Agora acusam a Câmara de Vila do Conde de “tentativa de sabotagem política” e de estar a violar a lei, ao proibir a realização deste espetáculo.

Repudiamos a tentativa de sabotagem política do exercício de um direito e de uma liberdade, que é o direito de uma pessoa coletiva promover espetáculos e a liberdade do público poder aceder ao espetáculo (…) Desconhecemos se o município socialista de Vila do Conde tem leis próprias“, frisam os promotores da tourada em comunicado.

A mesma estratégia de impor a tradição tauromáquica já tinha sido utilizada, sem sucesso, em Viana do Castelo, onde durante alguns anos foram promovidas touradas numa praça de touros desmontável. Para garantir a presença de público, os promotores recorrem a excursões de autocarro, trazendo público de regiões onde a tradição ainda tem raízes. Perante os inúmeros protestos da população, acabaram por desistir de investir em Viana, movendo-se agora para Vila do Conde.

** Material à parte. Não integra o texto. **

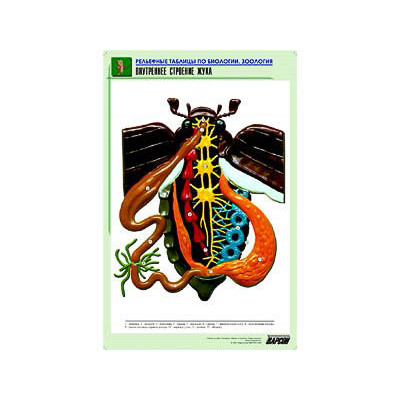 Рельефная таблица "Внутреннее строение жука" (формат А1, матовое ламинир.)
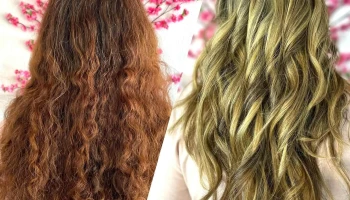 Nympeluqueria - Departamento De Maldonado Nympeluqueria - Departamento De Maldonado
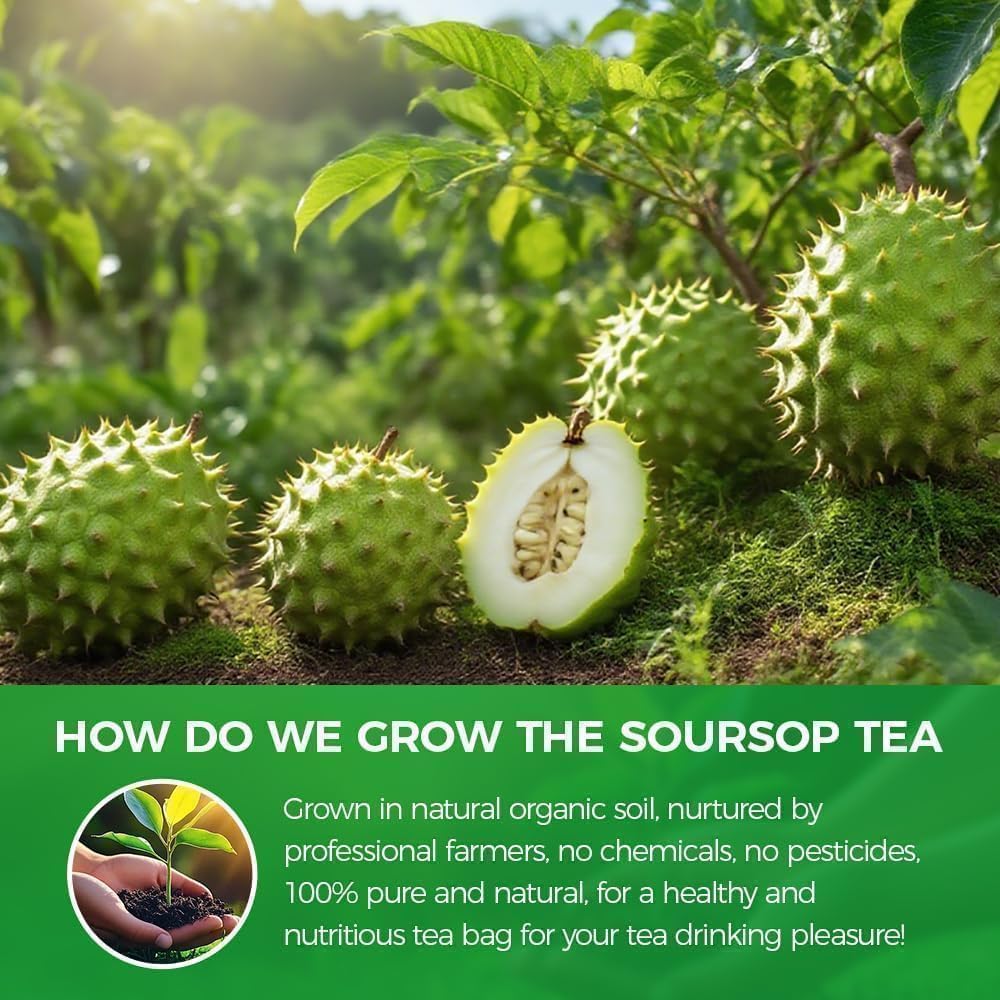 A cup of WOTIHA soursop tea ready to sip.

Licenciamento compete à Câmara e à IGAC

Recorde-se que o licenciamento do espetáculo não cabe à Câmara Municipal, mas sim, à Inspeção Geral das Atividades Culturais (IGAC). À autarquia compete apenas o licenciamento do recinto, neste caso, a praça de touros desmontável. Avaliando o processo, a Câmara indeferiu a utilização da praça de touros, por violar as “normas legais e regulamentares” relacionadas com a localização da praça de touros desmontável, segundo informação publicada na imprensa.

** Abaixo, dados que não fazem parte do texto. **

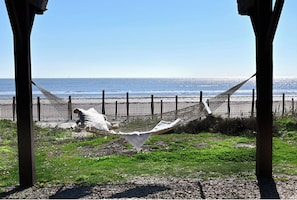 On the beach, sun-loungers, beach towels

A Câmara de Vila do Conde alegou ainda que as vias envolventes de acesso ao local “não têm largura suficiente para estacionamento ou para o acesso de um veículo de emergência” evocando ainda o “estado de contingência de perigo de incêndios” em virtude da existência de obras nas imediações.

Neste sentido, e tendo em conta que a praça de touros já estava montada, a Câmara de Vila do Conde concedeu 48 horas aos promotores para desmontar a arena, algo que não foi respeitado.

Touradas não estão protegidas pela Constituição

A tourada em Vila do Conde é apoiada por uma associação designada “Juntos pelo Mundo Rural”, cujo presidente referiu à imprensa que a tauromaquia está “devidamente protegida na Constituição Portuguesa“, um argumento que tem sido sistematicamente usado pelos defensores das touradas, mas que é absolutamente falso.

Aliás, vários constitucionalistas já deixaram bem claro que proibir as touradas não é inconstitucional, como é o caso do reputado constitucionalista Jorge Miranda. O especialista em Direito Constitucional, referiu recentemente ao Polígrafo que “não é matéria reservada a nenhum órgão, nem a Constituição proíbe que existam ou não existam touradas”, assegurando que “há completa liberdade do legislador nesta matéria”. Jorge Miranda acrescentou que não vê “qualquer problema de constitucionalidade nem no sentido de proibir, nem no sentido de permitir” as touradas.

População manifesta-se contra a tourada

Perante a insistência de realizar esta tourada em Vila do Conde, estão já agendadas duas manifestações na cidade contra a realização deste evento, convocadas pela “Ação Direta Portugal” e a “Vila do Conde Animal Save“.

O repúdio e inconformismo da população com esta tentativa de imposição de um espetáculo violento e que não reúne consenso na sociedade, e a possibilidade da ocorrência de conflitos que coloquem em causa a ordem pública, é outro dos argumentos evocado pela autarquia no indeferimento do licenciamento do recinto.

Em Viana do Castelo, a realização de touradas em praças desmontáveis motivou várias manifestações e a mobilização de um número significativo de forças de segurança para impedir confrontos entre ambas as partes.